日本が変わっていくといいなぁと思いました。
香川県の県民の話が面白かったな。 -
同年代。自分もここ数年は会社、もう辞めようかなぁと思ったり、いやまだ働かないとと思ったりの繰り返し。
この方は何故やめたのか、辞める前はどういう心持ちだったのか、辞めたらどういう心持ちになったのか、興味があった。
読めば読むほど、私も辞めようと思ったり、いや、もちょっとがんばらないかんか、と思ったり、色々考えさせられたけど、ともかく勇気が出た。勇気が出る本というのは滅多にない。
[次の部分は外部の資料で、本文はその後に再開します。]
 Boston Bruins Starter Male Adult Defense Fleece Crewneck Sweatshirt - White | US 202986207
この本は、勇気が出る。力強く歩め、自分!と言いたくなった。 -
わたしは慢性的な仕事辞めたい症候群なので、非常に興味を持って読んだ。
群ようこさんの「れんげ荘」シリーズのような生活が書いてあるのかなと思いきや…
現在のアベノミクス経済と会社の存在についての筆者の分析にはなるほど!と深くうなづいた。
不安を煽って契約させる詐欺のような商法、人を安く使い捨てるやり方、私が属する士業の世界でも横行してますよ。
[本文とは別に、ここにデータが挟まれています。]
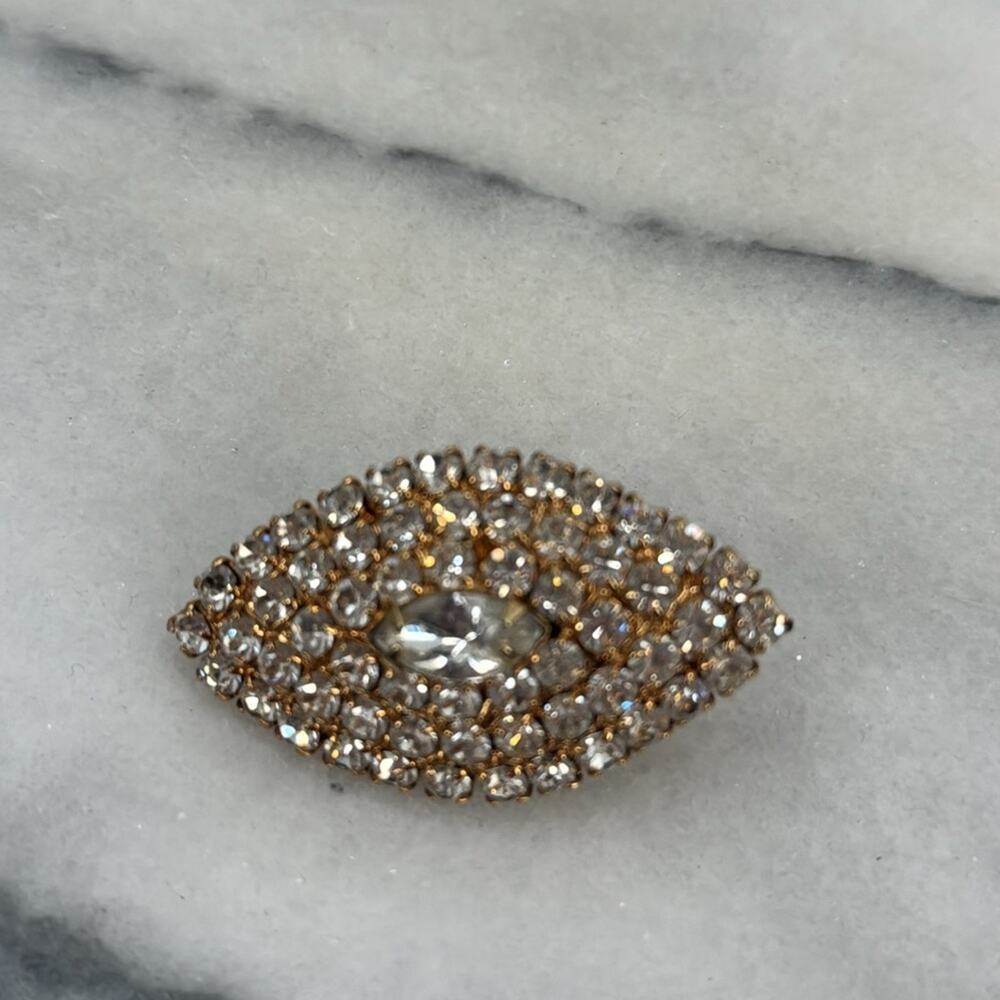 Vintage rhinestone and crusted gold plated belt buckle - Picture 3 of 4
結局、自分や会社を儲けさせるために働くから、お客さんの利益や幸せという大義は二の次三の次になる。
筆者がいた会社は、社会的意義のある仕事をしてる会社だと思いますが、それでもそういう側面はあるんでしょう。
会社に感謝しつつ、勤め人を卒業したからこそ、損得抜きに付き合えるつながりを得られたし、そういう人と繋がりたいと、筆者はセンサーを張ってるのだろうな。
悲観的に考えすぎず、人生を楽しむというのはとても素敵なことだ。
最後に。
私、稲垣さんがテレビに出てるのを見たことがあって、その時は元なでしこジャパンの方だと思ってました…。アフロだからね。
でも、それくらい若々しくて健康的に見えたんだ。もう50歳なのですね…。 -
50歳、夫なし、子なし、そして無職…しかし、私は今、希望でいっぱいである。大学卒業以来、28年間勤めていた朝日新聞社を辞めた著者が、会社を辞めてみて身の回りに起きたこと、「会社で働くこと」について語る。
「50歳、夫なし、子なし」だから辞められたのは読む前からわかっていたこと。でも論説委員までやって(たぶん)早期退職割増金を貰って、自由になったと言われても…。辞めてからわかったという世間の常識があまりに当たり前のことで、こんなことも知らずに朝日の記者や論説委員をやっていたのか!と驚いた。